■ Work to complete: Repeat exactly the lines of the entries below from the one with "Lacci per Scarpe" through the one with "Difficult RECOVERY of", both ends included, and nothing else.

■ Scraped caption text data:
————————
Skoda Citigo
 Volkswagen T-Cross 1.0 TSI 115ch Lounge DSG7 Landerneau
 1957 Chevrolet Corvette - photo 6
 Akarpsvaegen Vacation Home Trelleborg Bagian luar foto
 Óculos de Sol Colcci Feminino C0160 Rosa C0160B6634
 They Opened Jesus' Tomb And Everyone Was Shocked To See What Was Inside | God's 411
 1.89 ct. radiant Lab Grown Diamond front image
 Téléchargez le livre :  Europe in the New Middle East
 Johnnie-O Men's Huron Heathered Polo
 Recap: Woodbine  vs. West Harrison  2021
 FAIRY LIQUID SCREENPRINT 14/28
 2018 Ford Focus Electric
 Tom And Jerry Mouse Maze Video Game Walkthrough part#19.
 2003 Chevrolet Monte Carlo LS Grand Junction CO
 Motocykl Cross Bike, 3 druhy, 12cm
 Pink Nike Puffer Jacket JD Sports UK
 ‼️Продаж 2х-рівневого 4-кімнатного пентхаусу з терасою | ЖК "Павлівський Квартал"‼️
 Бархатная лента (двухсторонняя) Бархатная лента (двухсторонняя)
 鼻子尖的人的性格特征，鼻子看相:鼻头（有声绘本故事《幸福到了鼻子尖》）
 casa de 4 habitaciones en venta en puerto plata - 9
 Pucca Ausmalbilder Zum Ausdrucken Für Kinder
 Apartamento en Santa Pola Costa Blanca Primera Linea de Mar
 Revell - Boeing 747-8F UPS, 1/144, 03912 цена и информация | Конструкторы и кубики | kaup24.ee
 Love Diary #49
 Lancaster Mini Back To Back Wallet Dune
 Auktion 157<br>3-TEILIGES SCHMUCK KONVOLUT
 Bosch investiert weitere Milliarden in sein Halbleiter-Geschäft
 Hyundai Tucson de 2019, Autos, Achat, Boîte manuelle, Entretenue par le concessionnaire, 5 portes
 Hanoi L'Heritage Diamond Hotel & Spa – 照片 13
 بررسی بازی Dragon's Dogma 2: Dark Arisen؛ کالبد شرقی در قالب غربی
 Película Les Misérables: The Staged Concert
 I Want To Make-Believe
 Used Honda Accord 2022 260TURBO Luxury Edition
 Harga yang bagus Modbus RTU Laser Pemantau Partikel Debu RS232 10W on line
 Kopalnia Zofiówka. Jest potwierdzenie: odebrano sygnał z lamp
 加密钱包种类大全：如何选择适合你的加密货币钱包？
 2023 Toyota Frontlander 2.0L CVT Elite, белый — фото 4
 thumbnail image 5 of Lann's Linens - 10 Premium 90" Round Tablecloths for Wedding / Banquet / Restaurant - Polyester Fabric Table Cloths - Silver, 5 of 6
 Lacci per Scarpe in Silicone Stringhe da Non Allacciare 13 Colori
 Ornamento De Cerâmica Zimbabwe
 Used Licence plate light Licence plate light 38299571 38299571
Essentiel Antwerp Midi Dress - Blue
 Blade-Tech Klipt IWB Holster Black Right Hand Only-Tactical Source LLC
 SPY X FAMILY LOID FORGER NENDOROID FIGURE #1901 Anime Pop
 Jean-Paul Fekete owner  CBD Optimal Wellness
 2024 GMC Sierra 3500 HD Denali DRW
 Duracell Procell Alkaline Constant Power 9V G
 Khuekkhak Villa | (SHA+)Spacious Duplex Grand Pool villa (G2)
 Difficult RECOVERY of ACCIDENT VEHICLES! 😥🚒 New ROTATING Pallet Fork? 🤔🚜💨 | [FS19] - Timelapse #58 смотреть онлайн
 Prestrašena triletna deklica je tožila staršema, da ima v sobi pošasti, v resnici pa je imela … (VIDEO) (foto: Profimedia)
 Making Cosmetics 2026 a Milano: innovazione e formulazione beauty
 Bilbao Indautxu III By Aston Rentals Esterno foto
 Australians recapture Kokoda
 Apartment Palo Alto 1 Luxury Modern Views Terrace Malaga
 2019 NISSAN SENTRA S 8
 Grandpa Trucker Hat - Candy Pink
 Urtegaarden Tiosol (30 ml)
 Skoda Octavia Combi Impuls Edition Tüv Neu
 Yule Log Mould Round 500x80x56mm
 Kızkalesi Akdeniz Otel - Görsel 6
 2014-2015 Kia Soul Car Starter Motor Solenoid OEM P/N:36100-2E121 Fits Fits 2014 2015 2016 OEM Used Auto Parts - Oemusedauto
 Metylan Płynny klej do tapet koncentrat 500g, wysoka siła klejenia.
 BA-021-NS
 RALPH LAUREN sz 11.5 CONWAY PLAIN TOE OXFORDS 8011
————————
■ Task answer:
 Lacci per Scarpe in Silicone Stringhe da Non Allacciare 13 Colori
 Ornamento De Cerâmica Zimbabwe
 Used Licence plate light Licence plate light 38299571 38299571
Essentiel Antwerp Midi Dress - Blue
 Blade-Tech Klipt IWB Holster Black Right Hand Only-Tactical Source LLC
 SPY X FAMILY LOID FORGER NENDOROID FIGURE #1901 Anime Pop
 Jean-Paul Fekete owner  CBD Optimal Wellness
 2024 GMC Sierra 3500 HD Denali DRW
 Duracell Procell Alkaline Constant Power 9V G
 Khuekkhak Villa | (SHA+)Spacious Duplex Grand Pool villa (G2)
 Difficult RECOVERY of ACCIDENT VEHICLES! 😥🚒 New ROTATING Pallet Fork? 🤔🚜💨 | [FS19] - Timelapse #58 смотреть онлайн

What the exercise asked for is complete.